* **What is required**
Give the data again exactly, without its images.

* **Stored data**
----

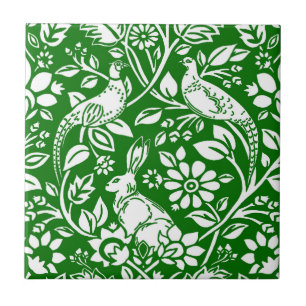Pheasant and Hare Pattern, Emerald Green & White Tile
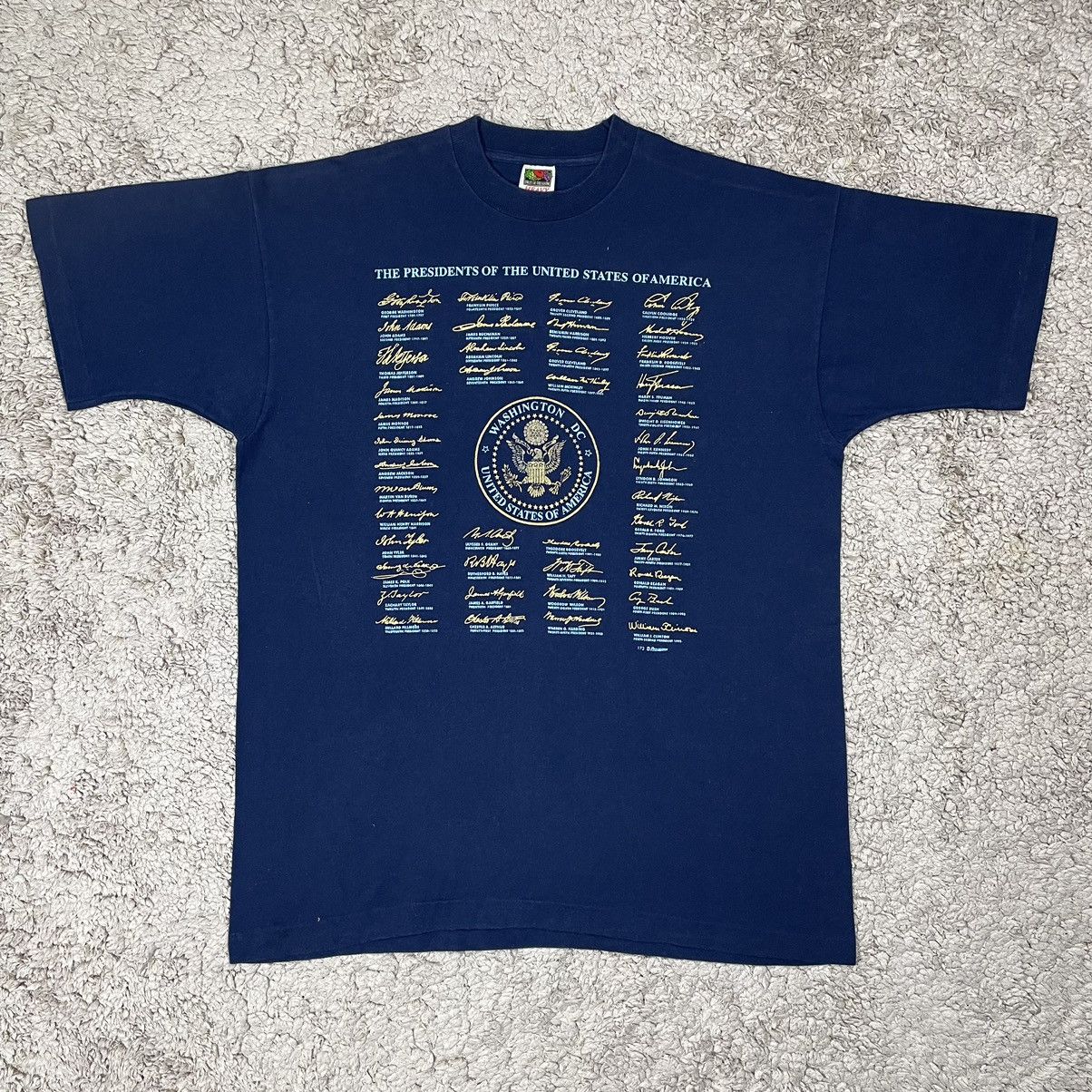 Vintage Vintage USA President Name And Signature From First to 1993 Size US XL / EU 56 / 4 - 1 Thumbnail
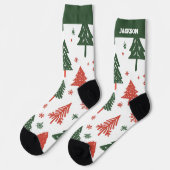 Chaussette Chaussettes Abstraites d'arbre de Noël avec nom (Gauche)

----

* **Answer**
Pheasant and Hare Pattern, Emerald Green & White Tile
 Vintage Vintage USA President Name And Signature From First to 1993 Size US XL / EU 56 / 4 - 1 Thumbnail
 Chaussette Chaussettes Abstraites d'arbre de Noël avec nom (Gauche)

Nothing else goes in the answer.